Would you settle for less?

By Peter Jones, partner

Telephone number divorce settlements often hit the headlines, and this week has been no exception. The ex-wife of Russian oligarch Boris Agrest has won a £12.5million divorce settlement awarded by the London High Court – but Janna Kremmen will be lucky to see a penny of it.

Mr Agrest has gone to great lengths to conceal his considerable assets, estimated at various levels between £30million and £600million, and has previously refused to pay anything to Ms Kremen – or in support of their three sons. In 2001 Mr Agrest even pressured his wife to sign a ‘post-nuptial agreement’ which limited any claim on his wealth to $1.5million (£969,900).

A long-running legal fight followed the eventual collapse of the marriage in 2007. An arrest warrant was issued in May 2010 further to an order that he be sent to prison for non-payment of maintenance, but Mr Agrest’s whereabouts are in fact a mystery.

So, regardless of Mr Justice Mostyn’s scathing denouncement of Mr Agrest’s “foul means” to disguise his wealth, it seems likely that it will nevertheless remain out of the reach of his former spouse.

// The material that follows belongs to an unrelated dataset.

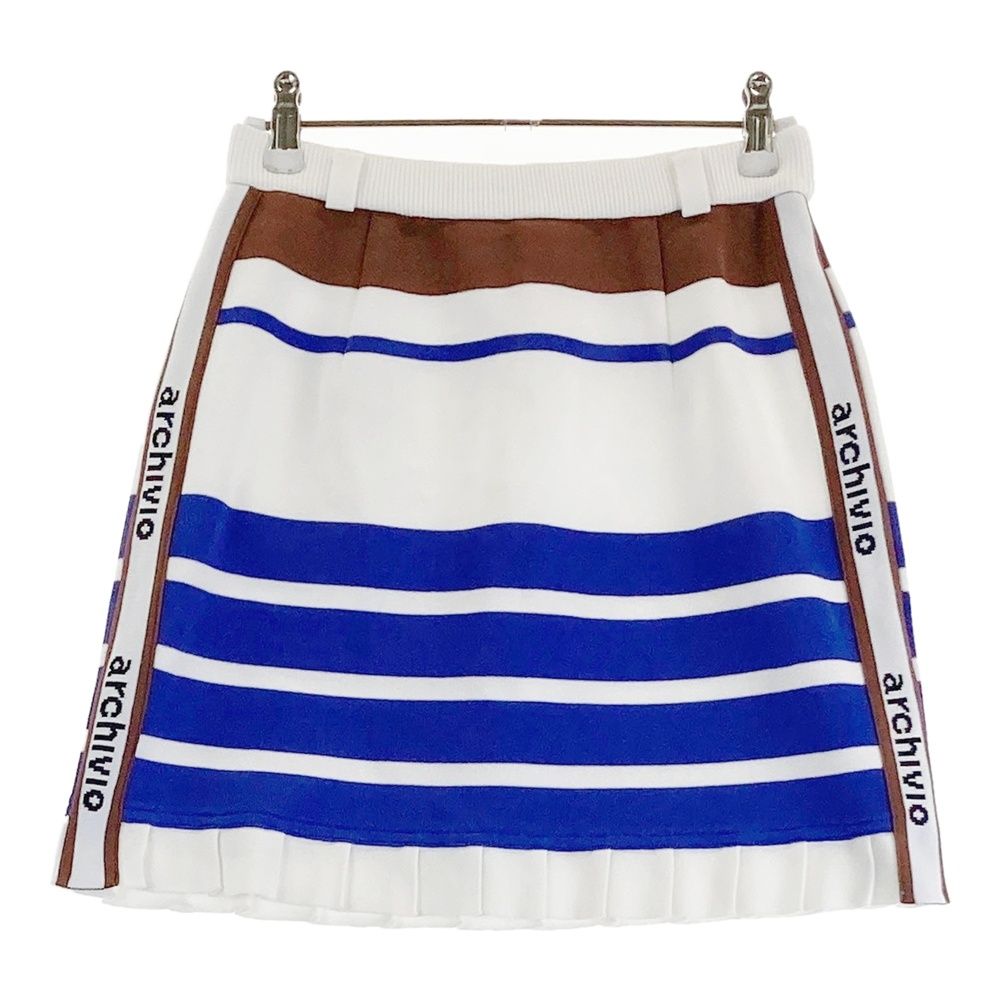 サイズ：36 ARCHIVIO アルチビオ ; ニット プリーツスカート ボーダー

This case, and many others like it, really does serve to highlight the difficulties of reaching an agreeable financial settlement when a marriage breaks down. Mere mortals with minimal assets and savings face just the same challenges as a Russian oligarch or premier league footballer – although reaching an amicable settlement, perhaps through mediation or collaboration, is almost certainly easier when the parties are not under the daily scrutiny of the tabloids.

It’s also less likely that the ‘average’ husband or wife will go into hiding to protect their assets. The real challenge is in managing the expectations of both partners, especially in the current economic climate where investments and pensions have shrunk and savings all but disappeared. The stagnant housing market, similarly, means that selling a property may not realise the hoped-for cash boost.

To a wife (or husband) looking for ancillary relief from the main breadwinner, my advice is: be realistic. Don’t get over-excited about what you think you might get and consider instead what is realistic. Pushing the boundaries will alienate your spouse and damage the relationship – almost certainly impacting on the future welfare of any children. Push too far and you may end up with nothing but heartbreak, and a pyrrhic victory is no victory at all.